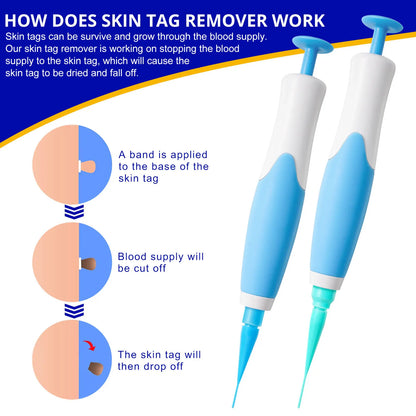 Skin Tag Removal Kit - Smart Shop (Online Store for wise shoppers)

----

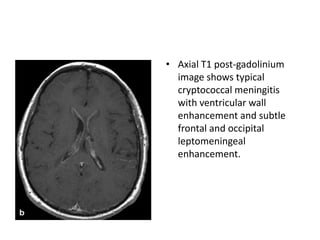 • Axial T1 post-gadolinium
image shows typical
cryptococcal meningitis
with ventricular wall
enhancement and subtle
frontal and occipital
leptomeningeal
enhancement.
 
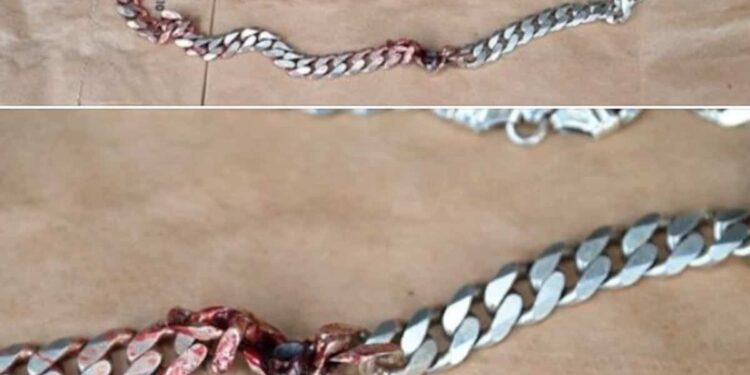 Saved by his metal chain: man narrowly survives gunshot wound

----

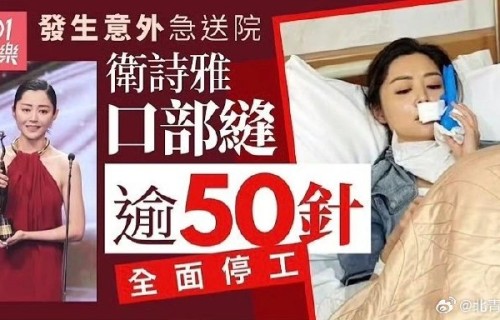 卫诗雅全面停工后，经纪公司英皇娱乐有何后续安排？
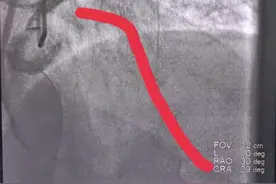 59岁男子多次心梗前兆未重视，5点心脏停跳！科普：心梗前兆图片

----

### Task prompt
The reply should hold exactly the lines above, starting at the line with "frontal and occipital" and ending at the line with "Saved by his", and no pictures.

### Answer box
frontal and occipital
leptomeningeal
enhancement.
 
 Saved by his metal chain: man narrowly survives gunshot wound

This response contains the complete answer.